Boutique Bega gin start-up wins global gongs

Updated: Sep 1, 2019

-North of Eden’s two gins win medals at the 2019 International Wine & Spirit Competition

-Small batch distillery uses 1000-year-old technology and South Coast botanicals

-Leap of faith pays off for spirited couple behind these premium gins

A small start-up gin distillery on NSW’s Far South Coast has taken the extraordinary step of winning medals at the benchmark International Wine and Spirit Competition in London less than a year after starting production. North of Eden from Bega won medals for both its gins; a silver medal for its Classic gin and a bronze medal for its Connoisseur gin.


Gavin Hughes and Karen Touchie are the spirited couple who swapped busy careers to make these premium gins. Hughes manufactured biofuels before running bars in Melbourne when he took the logical step of distilling his own drop. The couple bought a small farm outside Bega then spent 12 months transforming an old farm shed into a distillery on a shoestring, sometimes having to take work thousands of kilometres away to keep afloat. “I think most people thought we were mad when we upped sticks and left our careers to start a gin distillery in regional Australia,” Touchie says. “I’d never lived far from the city and suddenly I’m miles from the nearest town so I quickly had to learn to drive if Gav was away.

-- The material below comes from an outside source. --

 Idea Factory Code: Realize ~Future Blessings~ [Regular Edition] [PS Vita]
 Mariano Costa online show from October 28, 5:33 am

Hughes says: “We always knew we were making a quality product but getting two awards from such a prestigious international competition so early on in our gin journey is just fantastic. It certainly makes up for all those sleepless nights when we wondered if we’d done the right thing.”

Both of the award-winning gins are true London Dry gins, meaning no flavours or syrups are added at the end. The gins are all hand made in small batches in a beautiful copper alembic still and feature ingredients from the farm’s orchards including native Australian finger limes and locally foraged kelp.


“The technology we’re actually using to make these gins is over 1000 years old,” Hughes says. “We do everything by taste and nothing is automated. It’s a very traditional way of making spirits and, in a way, every bottle of our gin is a homage to those ancient alchemists and distillers.”





Hughes is particularly proud of keeping faith with artisan distilling traditions while using as much local produce as he can: “There are certainly quicker and easier ways to make gin, but I reckon you can taste the love and attention that’s gone into every one of our bottles.”

The gin is currently only available from 20 bars and outlets along the east coast or online, but that is sure to change as demand skyrockets following the break-out wins.